START PROVIDED DATA

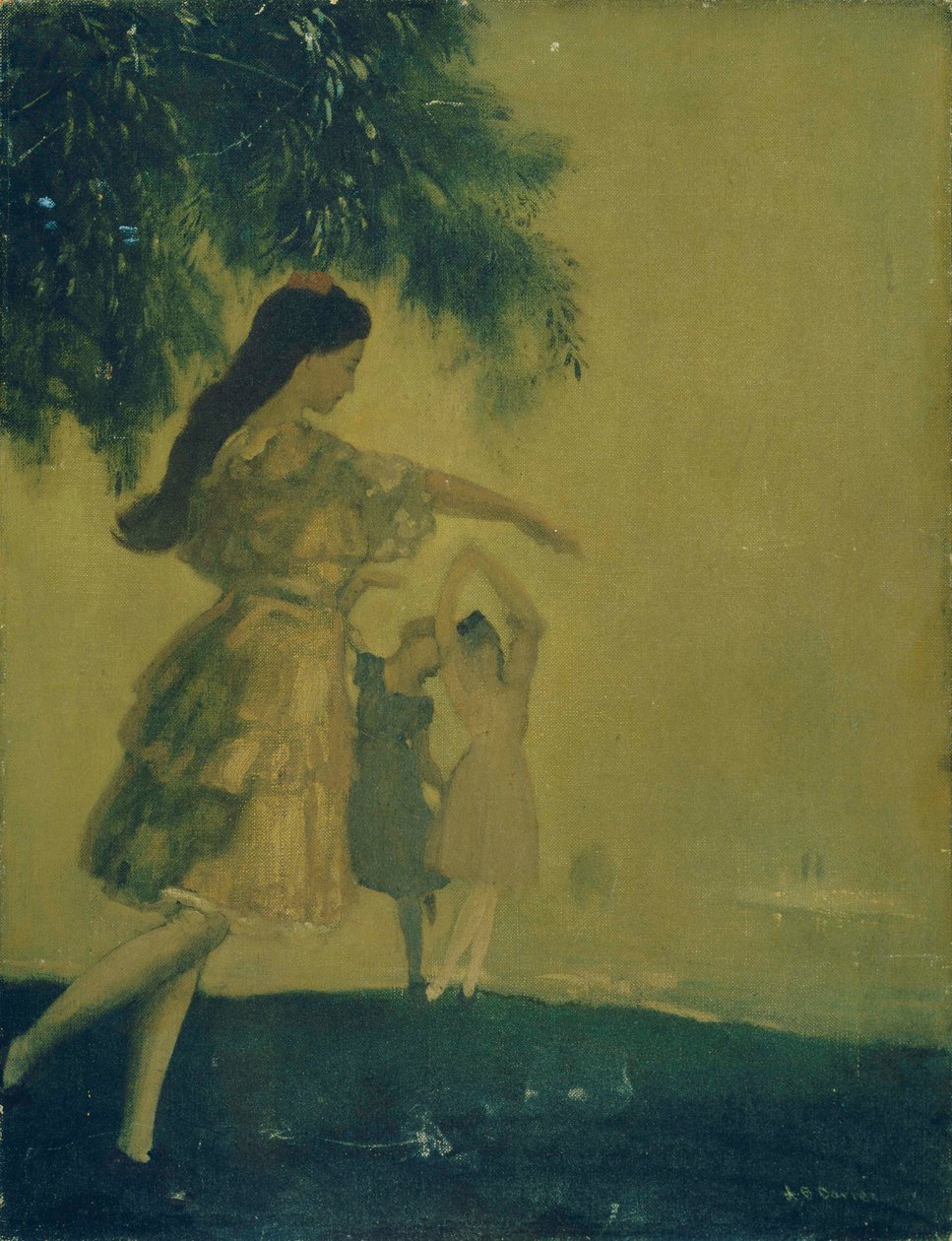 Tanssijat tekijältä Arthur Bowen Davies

END PROVIDED DATA
START PROVIDED DATA

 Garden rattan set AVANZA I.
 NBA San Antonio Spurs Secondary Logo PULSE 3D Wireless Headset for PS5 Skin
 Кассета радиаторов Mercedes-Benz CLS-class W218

END PROVIDED DATA

Would you retype the lines above from the one with "NBA San Antonio" down to the one with "Кассета радиаторов Mercedes-Benz", word for word, both ends included and no other lines?

 NBA San Antonio Spurs Secondary Logo PULSE 3D Wireless Headset for PS5 Skin
 Кассета радиаторов Mercedes-Benz CLS-class W218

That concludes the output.